I’ve been reading some posts here and articles around the web but I can’t picture a serial keys based system for my application.
I read this one but I can’t turn the code into Java and I’m not very familiar with the terms either.
What possible insight can you give me on this? Ideally my application will be for sale but I don’t expect it to be much popular, I don’t mind much if it gets cracked if I have users that appreciate the product and buy it, but I want to avoid it to be easily cracked. Please be as specific as you can, I’m somewhat new to Java.
Thanks in advance.
It’s not that hard, if you’re somewhat flexible in your requirements — perhaps the scheme below would work for you.
You could just produce K = [SN, H([X,SN,Y])] which is the concatenation of an incrementing serial number with a hash, where the hash is a secure hash function of the concatenation of the serial number between unique constants X and Y that are secret “salt” you use to prevent the use of rainbow tables.
Use a well-known secure hash algorithm (e.g. SHA-1 or SHA-2; MD5 is probably also adequate, since the known weaknesses for MD5 are collision attacks, and not preimage attacks) and you should be all set, as least as far as the serial key part goes (you’ll probably want to prevent two people from using the same key).
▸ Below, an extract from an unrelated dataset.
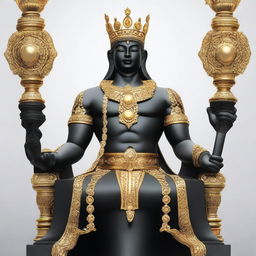 Create an image of a majestic black statue of a god, adorned with a golden crown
The other thing you can do which is helpful is use K = [SN, T, H([X, SN, T, Y])] — use both the serial number and a timestamp. This can be used to allow only a narrow use window for the serial key: it’s valid within N seconds of the timestamp, so it would prevent reuse of the key outside that window.
Then encode/decode K to a representation that can be used to easily allow users to enter the key (e.g. base64).
It’s best to have a simple and transparent overall algorithm — obfuscation is not going to help you if someone reverse-engineers your scheme.